Por motivos que no vienen al
caso, estos días ando releyendo Ivanhoe,
la novela de Walter Scott considerada por muchos la pionera del género
histórico. Del libro de Scott me interesa, sobre todo, el vivo retrato del conflicto
político entre sajones y normandos y, aún más, los acerados diálogos de los
personajes, envenenadas y divertidas pullas dialécticas llenas de ironía e
ingenio, especialmente las proferidas por el bufón Wamba, auténtico heredero de
la tradición shakesperiana. El caso es que, a punto ya de terminar el libro, el
protagonista cuyo nombre da título a la novela, apenas ha aparecido en unas
pocas páginas y su papel, supuestamente heroico, se reduce en realidad al de un
pobre figurante que se pasa la mitad del tiempo herido tras la prometedora
justa de Ashby y de cuyas hazañas en Palestina que le han granjeado su fama,
casi dudamos al asistir a su discretísimo protagonismo. Y ya sé que al final
del libro, Ivanhoe se postulará como el campeón que debe salvar a la judía
Rebeca, presa en el preceptorio templario de Templestowe, pero hasta en ese
duelo, Ivanhoe es asistido por una suerte de justicia poética que no nos
permitirá conocer el mérito de su legendaria valentía. Bien, pues este libro de
Walter Scott donde apenas aparece un señor llamado Ivanhoe se titula justamente
Ivanhoe. La decepción se supera
pronto, cuando asumimos que la historia tiene poco que ver con él y se centra
uno en los demás personajes sin la impaciencia de una espera baldía. Algo así
como lo que sucede en la reciente y exitosa novela de Maggie O'Farrell, Hamnet, cuando dejamos de obsesionarnos
por la esperada aparición de Shakespeare.

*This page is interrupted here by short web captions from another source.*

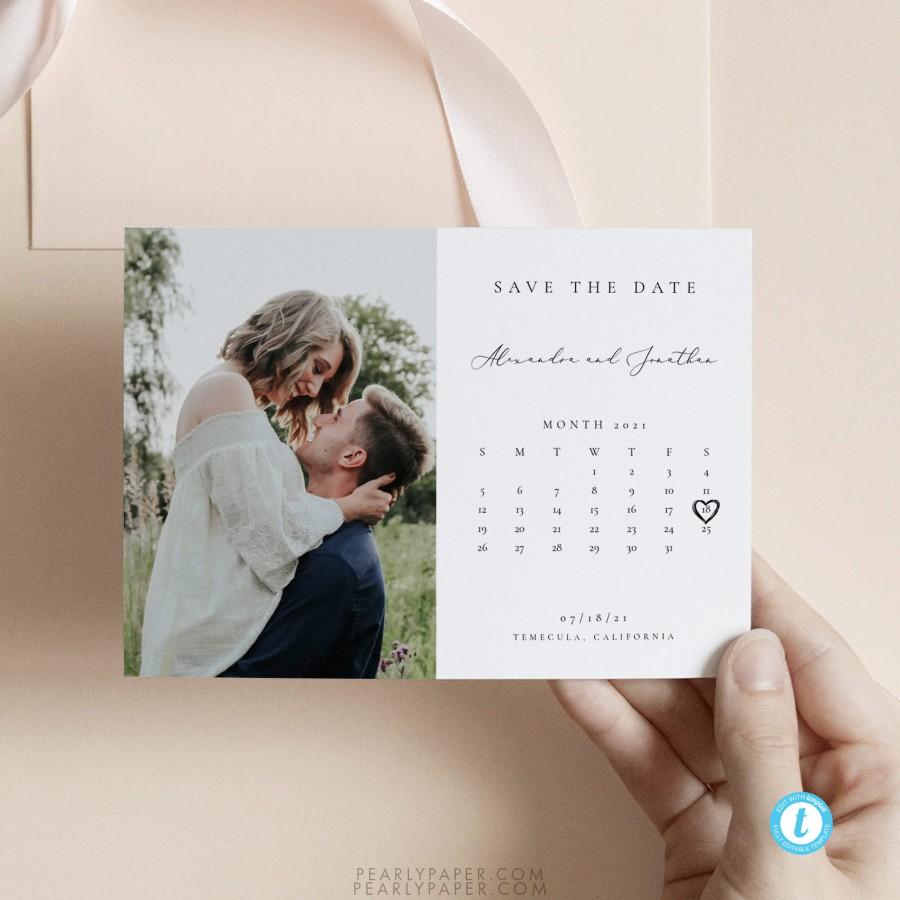 Calendar Save The Date Template Editable Invite Simple And Modern Save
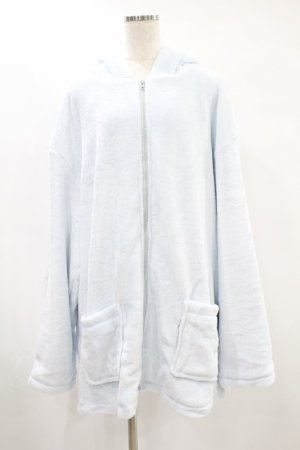 画像: NieR Clothing / ツノ付き超ふわもこPASTEL ZIP OUTER  サックス H-24-06-25-064-PU-JA-KB-ZT-C060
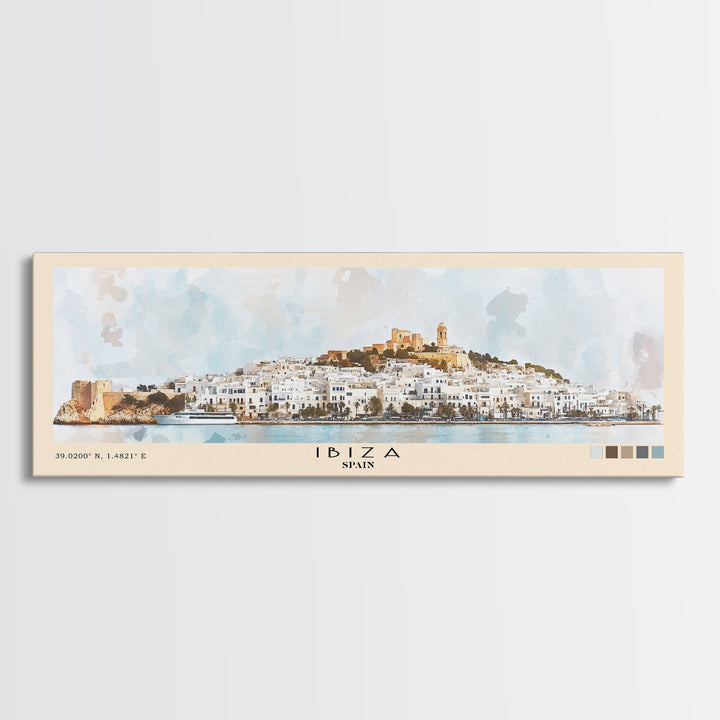 Ibiza, Spain Watercolor Print, Vacation Gift, Spain Wall Art, Beach Painting, Beach Decor, Beach Or Lakehouse Art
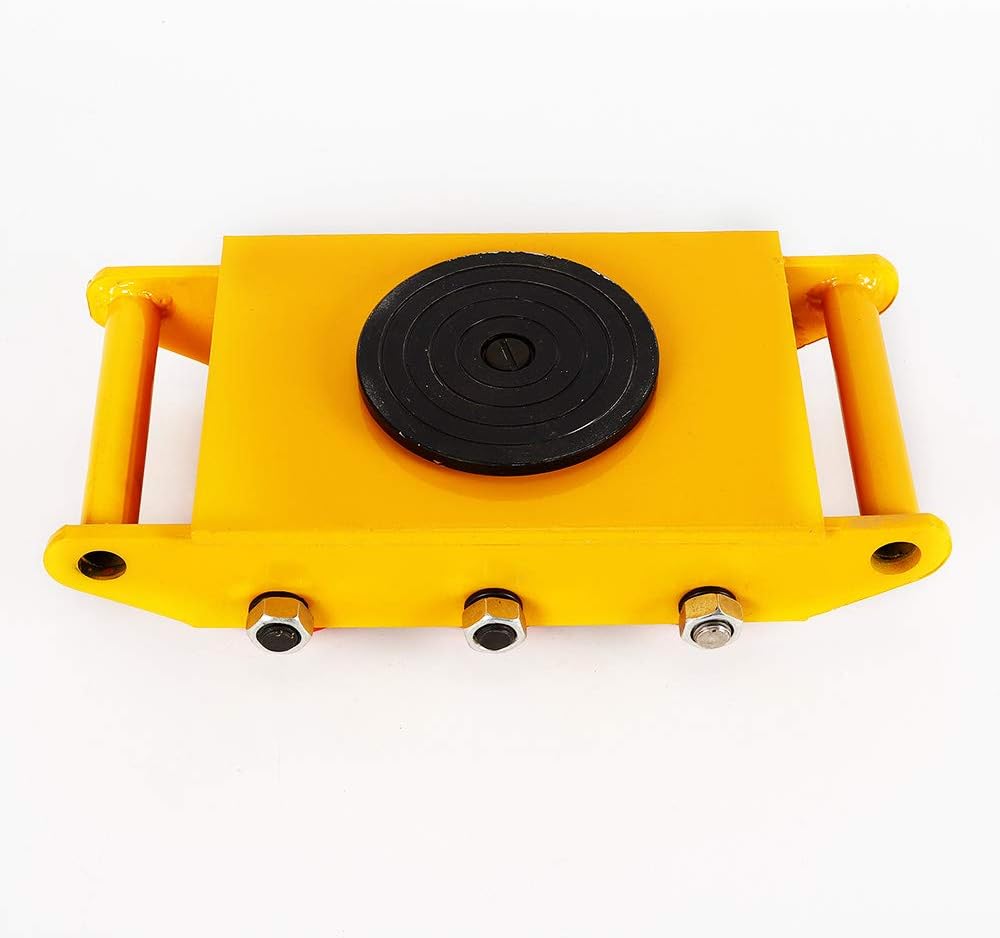 Heavy Duty Industrial Machinery Mover - 360° Rotating C Trolley with 4 Rollers, 8t Capaci Moving Skate for Effortless Equint Transport - Yellow Trailer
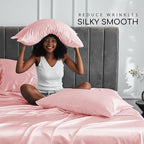 MR&HM Satin Bed Sheets, Twin XL Size Sheets Set - Image 3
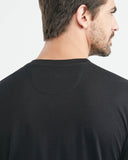 SLIM FIT V-NECK BASIC TEE IN BLACK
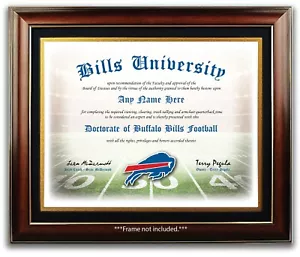 Buffalo BILLS NFL Football Fan Certificate / Diploma Man Cave CHRISTMAS GIFT - Picture 1 of 2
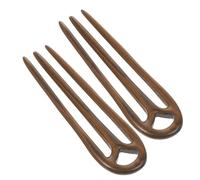 CAXUSD 2 Pezzi Forcina per Chioma Retrò in Legno di Sandalo a 3 Punte, Stile Cinese, Color Caffè, per Acconciature Raccolte Quotidiane e Banchetti Festivi, per Donne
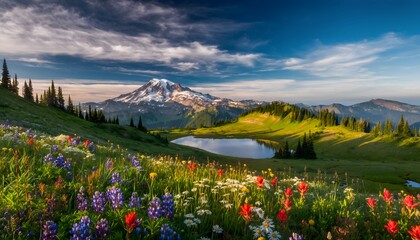 Alpine Bloom: Breathtaking Landscape of Vibrant Summer Wildflowers with a Majestic Snow-Capped Mountain and Reflective Lake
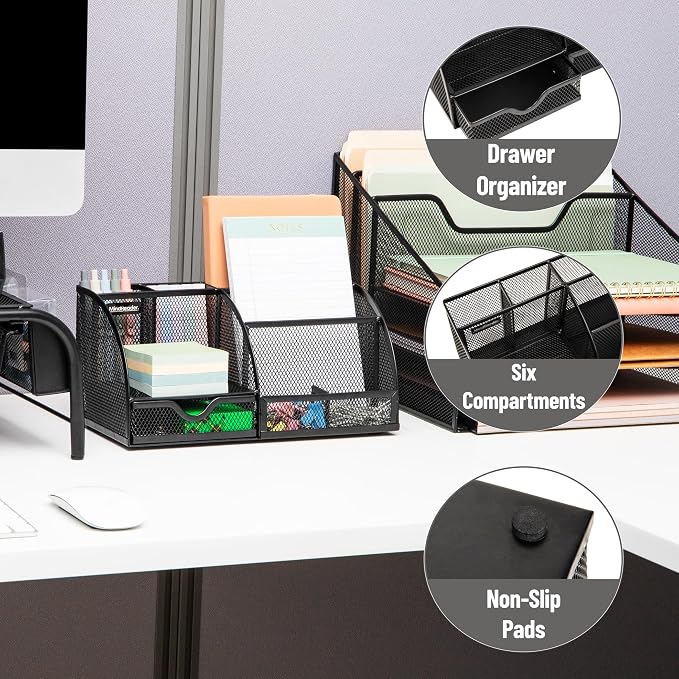 Mind Reader 7-Compartment Desktop Organizer, Metal Mesh Desk Organizer for Pens, Sticky Notes, Mail and Office Supplies, Black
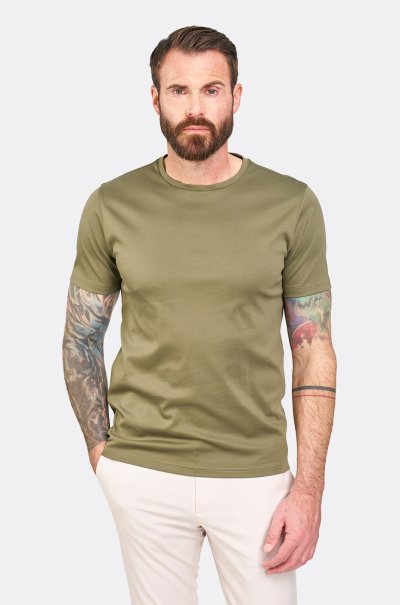 Olivové bavlněné tričko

De todas formas, siempre me
ha parecido una virtud muy meritoria entre algunos escritores la capacidad de
gestionar a los llamados «personajes fantasma» y de hacerlos presentes sin que
apenas aparezcan. El gran maestro de esto que digo es para mí Bram Stoker con
su Drácula. El vampiro apenas aparece
en el libro y únicamente conocemos sus actos por lo que cuentan algunos
testigos, de modo que su sombra amenazante está siempre presente aunque sin
mostrarse abiertamente, excepto al principio y final de la novela. Esa
presencia que se adivina pero que no se manifiesta crea también en el lector un
desasosiego del que es difícil sustraerse incluso tras cerrar el libro y tal
efecto se pierde en las películas donde, claro es, están obligados a mostrar al
Conde continuamente. Otro tanto sucede con Pepe el Romano, en La casa de Bernarda Alba. Lorca consigue
corporeizar a Pepe solamente con el atisbo de su presencia, convirtiéndolo en
una suerte de alegoría de la virilidad exacerbada pero también pieza
fundamental en el devenir trágico del argumento. ¿Y qué decir de Godot, a quien
Vladimir y Estragón se empecinan en esperar sin que sepamos quién es Godot y
por qué es tan importante esperarlo? Nunca se habían vertido tantas
interpretaciones sobre la identidad de un personaje que jamás aparece como con
el Godot de la obra de Beckett. Otros personajes de esta índole son Sauron, de El señor de los anillos o la arlesiana
de Daudet en La chica de Arlés, que
incluso ha dado en francés la expresión «la Arléssienne» para referirse a
alguien de la que se habla todo el tiempo pero que nunca aparece.
En la página ¡332! de la
edición de Ivanhoe que manejo, el
héroe está a punto de reaparecer. No es que lo hayamos echado mucho de menos,
pero al pobre le han dicho que tiene que justificar el título de la novela con
un último lance decisivo. Venga, Ivanhoe, a ganarse el sueldo. O la gloria literaria.
Como en todo, algunos medran a base de jeta.